DevicePassable closures: a requirement for HPC programmers

I’ve created a feature request here for making closures DevicePassable: [Feature Request] Make closures DevicePassable · Issue #6507 · modular/modular · GitHub.

I think this feature is going to be a requirement for HPC developers to take Mojo seriously. The vast majority of large-scale HPC codes have moved to using CUDA/HIP extended lambda-based programming models, since they enable compile-time portability (and debuggability) between CPU and GPU execution.

As an example, the parallel (8,000+ GPU production runs), large-scale (60k SLOC CUDA/HIP C++) physics code that I work on has 89 unique numerical kernels. Without a programming model that enables this kind of abstraction, it would not be possible to create or maintain it. This is a typical situation for comparable HPC codes.

Do you need value captures?

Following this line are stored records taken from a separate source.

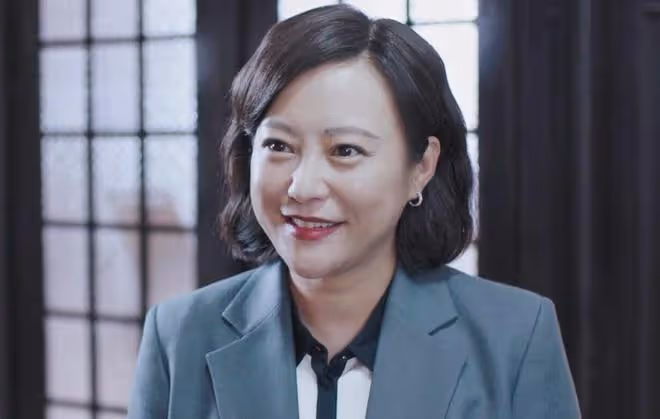 郝蕾再談演員直播帶貨,理性分析引熱議,演員身份與帶貨如何平衡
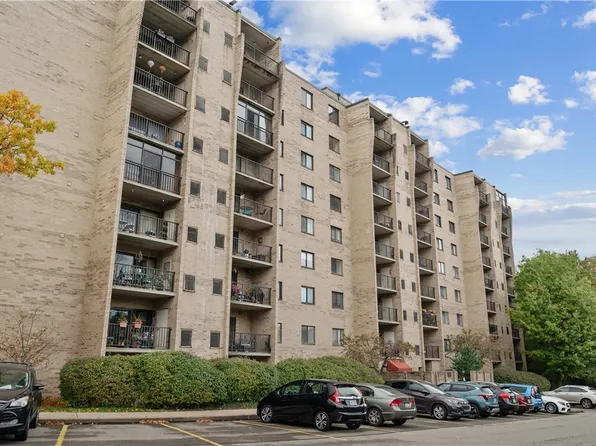 1400 Smokey Wood Dr APT 901, Pittsburgh, PA 15218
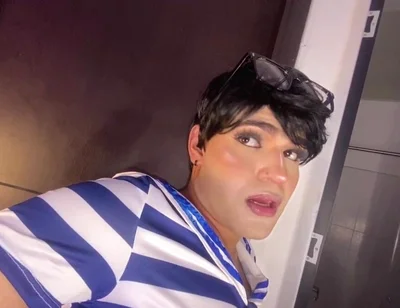 Ken Prince Sissy Latino Opens Her Bubble Ass to Pizza Delivery Man After Smelling Sweaty Feet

Those are difficult to do since you need any backing data for the things you capture to be visible to the GPU.

For example:

from std.gpu import thread_idx, block_idx, block_dim
from std.gpu.host import DeviceContext, DeviceBuffer
from std.memory import UnsafePointer
from std.sys.info import is_gpu


def do_elementwise[dtype: DType, func: def(Scalar[dtype]) -> Scalar[dtype], on_gpu: Bool](ctx: DeviceContext, buffer: DeviceBuffer[dtype], size: Int) raises:
    """
    Invariant: `buffer` must have at least `size` elements.
    """

    comptime if on_gpu:
        def elementwise_kernel(ptr: UnsafePointer[Scalar[dtype], MutExternalOrigin], n: Int):
            idx = thread_idx.x + block_idx.x * block_dim.x
            if idx < n:
                ptr[idx] = func(ptr[idx])

        # Launch the kernel with appropriate grid and block dimensions
        block_size = 256
        grid_size = (size + block_size - 1) // block_size

        var kernel = ctx.compile_function[elementwise_kernel, elementwise_kernel]()
        
        ctx.enqueue_function(
            kernel,
            buffer,
            size,
            grid_dim=grid_size,
            block_dim=block_size,
        )
    else:
        with buffer.map_to_host() as mapped_buffer:
            var ptr = mapped_buffer.unsafe_ptr()
            for i in range(size):
                ptr[i] = func(ptr[i])

def square_and_add_constant[dtype: DType, constant: Scalar[dtype]](x: Scalar[dtype]) -> Scalar[dtype]:
    return x.fma(x, constant)

def main() raises:
    ctx = DeviceContext()

    var num_elements: Int = 16

    # Create a buffer in host (CPU) memory to store our input data
    host_buffer = ctx.enqueue_create_host_buffer[DType.float32](
        num_elements
    )

    ctx.synchronize()

    for i in range(num_elements):
        host_buffer[i] = Float32(i)

    device_buffer = ctx.enqueue_create_buffer[DType.float32](num_elements)

    ctx.enqueue_copy(src_buf=host_buffer, dst_buf=device_buffer)

    def double[dtype: DType](x: Scalar[dtype]) -> Scalar[dtype]:
        return x + x
    
    do_elementwise[DType.float32, double[DType.float32], True](ctx, device_buffer, num_elements)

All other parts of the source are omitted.